__TASK STATEMENT__
Every line below is to be given again precisely; images are to be left out.

__DATASET EXTRACT__
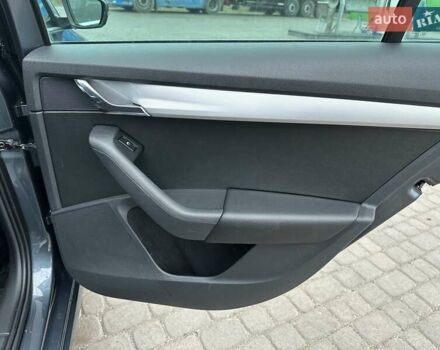 Серый Шкода Октавия, объемом двигателя 2 л и пробегом 229 тыс. км за 11750 $, фото 18 на Automoto.ua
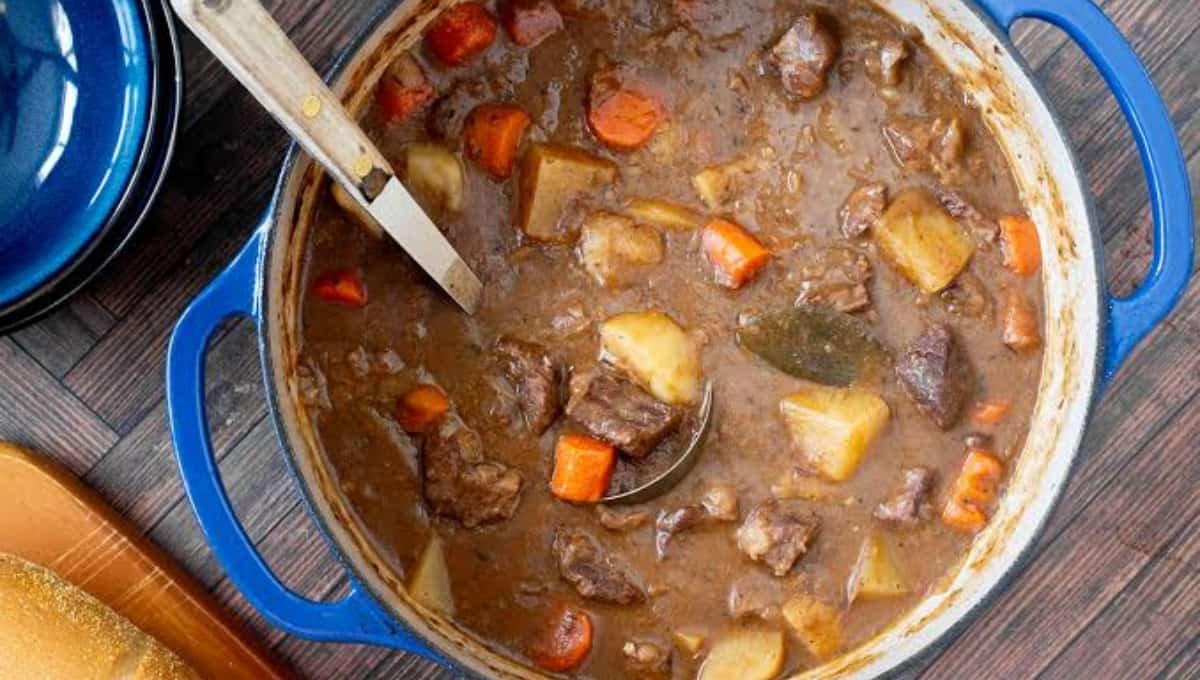 Red Wine Beef Stew So Tender It Melts 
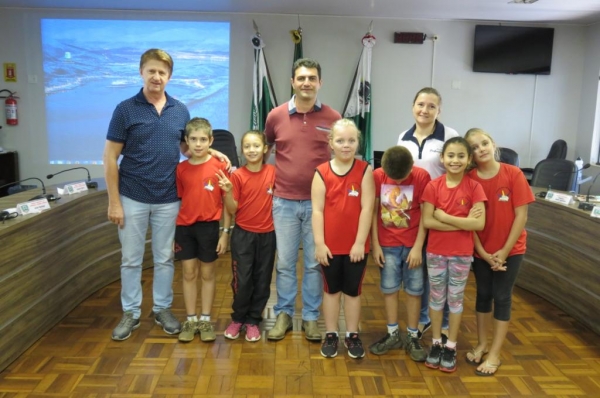 FoTurma foi recepcionada pelos vereadores Adriano Backes e Nilson Hachmann. (Foto: Assessoria)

__THE COMPLETED TASK__
 Серый Шкода Октавия, объемом двигателя 2 л и пробегом 229 тыс. км за 11750 $, фото 18 на Automoto.ua
 Red Wine Beef Stew So Tender It Melts 
 FoTurma foi recepcionada pelos vereadores Adriano Backes e Nilson Hachmann. (Foto: Assessoria)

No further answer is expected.